Article number
000003553
Affected Versions
All
Source Hypervisor
All
Target Hypervisor
All

An Unresolvable Error Has Occurred With VPG X. The VPG Must Be Deleted.

Viewed 246 times

Root Cause

When reviewing the Recovery VRA logs, the following messages will be present shortly before the time the alert was activated:

2020-01-13 16:11:20.266 (ZVM),VRAs/<VRA_NAME>/zlog166558.txt.gz,2020-01-13 16:11:20.266,ERR: Error in func SfsStream::checkMdEntryValidity - stream<MIRROR-ID,0> Possible corrupt meta-data. Invalid metadata type type=0xb757f31a [UNKNOWN] aborting mirror traversal. SFS Item: type 0xb757f31a [UNKNOWN]:

2020-01-13 16:11:20.266 (ZVM),VRAs/<VRA_NAME>/zlog166558.txt.gz,2020-01-13 16:11:20.266,ERR: Error in func SfsStreamBundle::recover - bundle<MIRROR-ID> Recover returned RC_CORRUPTED_OBJECT. Most likely meta-data corruption in journal.
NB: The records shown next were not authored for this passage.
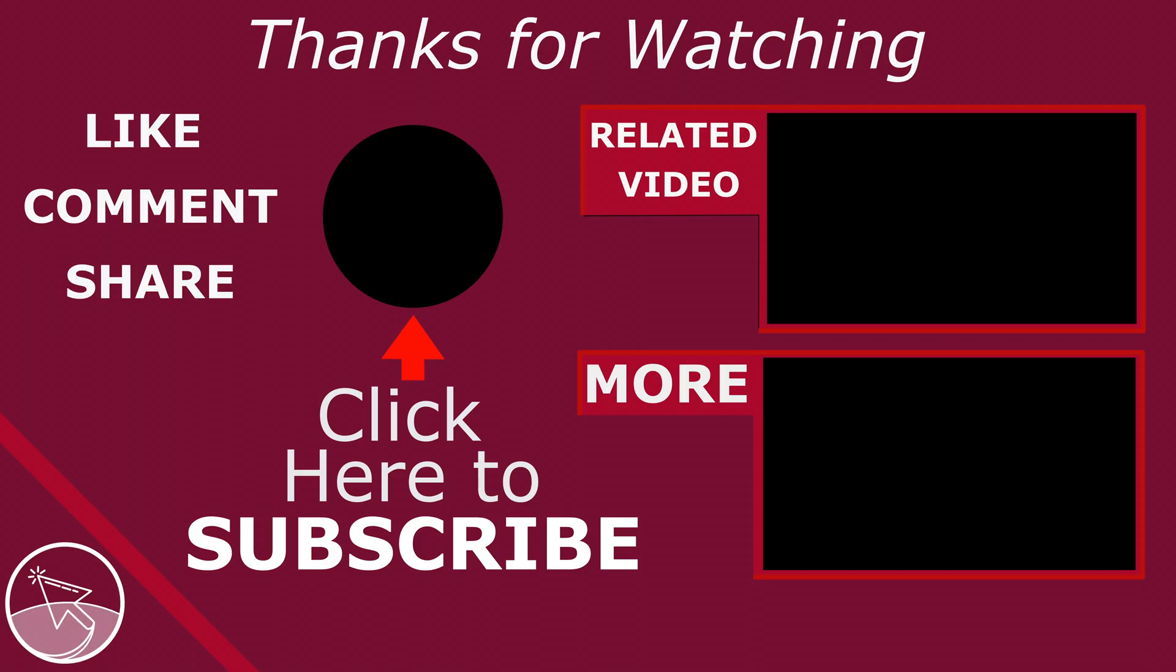Please like if this video helped you, subscribe for more tutorials and tips, comment to ask questions or to give feedback. Thank you.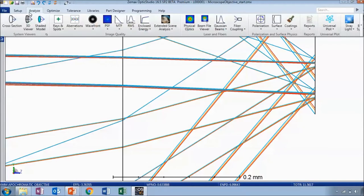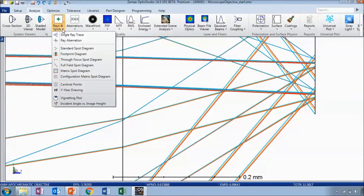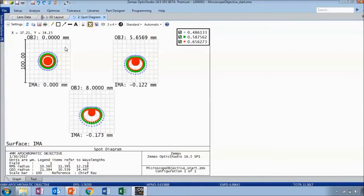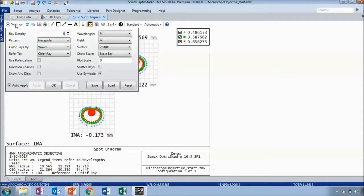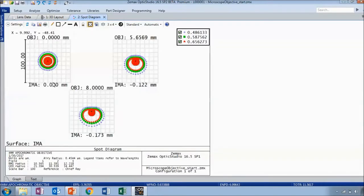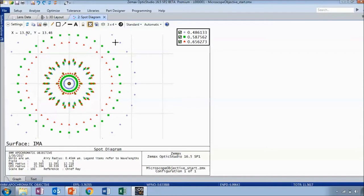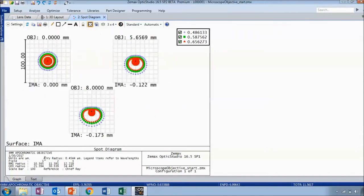Let's open up some other analyses and see what we have right now. Let's start with the standard spot diagram. I'm going to expand the settings and turn on Show Airy Disk. You can see the system is far from diffraction limited — the Airy disk is really small right in the middle. You can also see the Airy radius in the text section compared to the RMS and geometric radii for each of your field positions.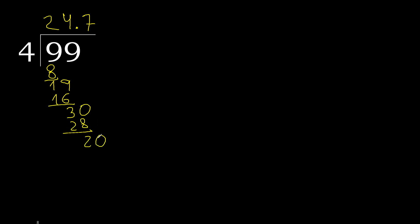Always complete with 0. Point is here. 20. 4 multiplied by 5 is 20. 20 minus 20 is 0.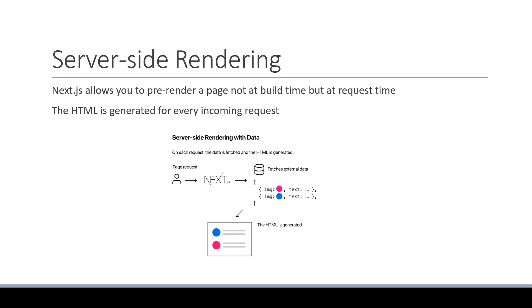Here is an image of SSR from the Next.js documentation. A user makes a request to a page. Next.js fetches the external data for that specific request, generates the HTML, and finally sends it to the browser.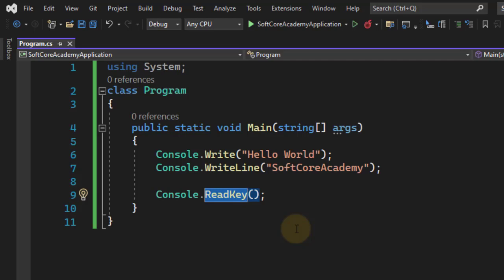This is all about the basic Hello World application in C#. I hope you understood this. Thank you.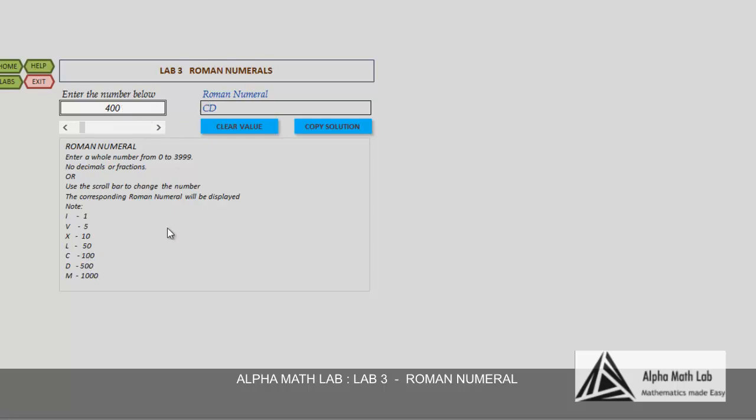Take 900. M for 1000 and C for 100, therefore the CM combination makes 900. Try changing these numbers and see the corresponding Roman numeral.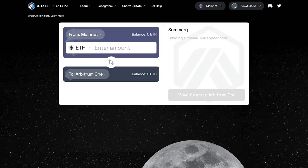You can transfer ETH from the Ethereum mainnet through the Arbitrum bridge. If necessary, I can show how it works — write in the comments.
These errors, as stated, reflect corruption in the journal storage itself.

Symptoms

An administrator may find a VPG is in a red error status with the following error:

An Unresolvable Error Has Occurred With VPG X. The VPG Must Be Deleted.

No actions can be taken on said VPG besides Delete when in this state.

Solution

Workaround

The VPG(s) affected must be recreated. Follow the Preseeding Volumes KB to recreate the VPG with preseed disks to avoid initial sync.

NOTE: Preseed to AWS is not supported. Manual preseed to Azure is also not supported (must be done via the Import option in the Zerto Diagnostics Utility)

Permanent Fix

It is highly recommended for the administrator to engage their storage team/vendor to review the datastore that owned the affected journal disk(s) and resolve whatever issue caused the corruption to avoid this from occurring again. Creating a new datastore to use as a journal datastore could also avoid this problem in future as well.

Please note: When storage teams/vendors review for datastore issues, it's encouraged to do a deeper review, as this issue has been seen as the result of various storage related components, including physical storage array issues, outdated HBA firmware and drivers on hosts, and SAN connectivity issues.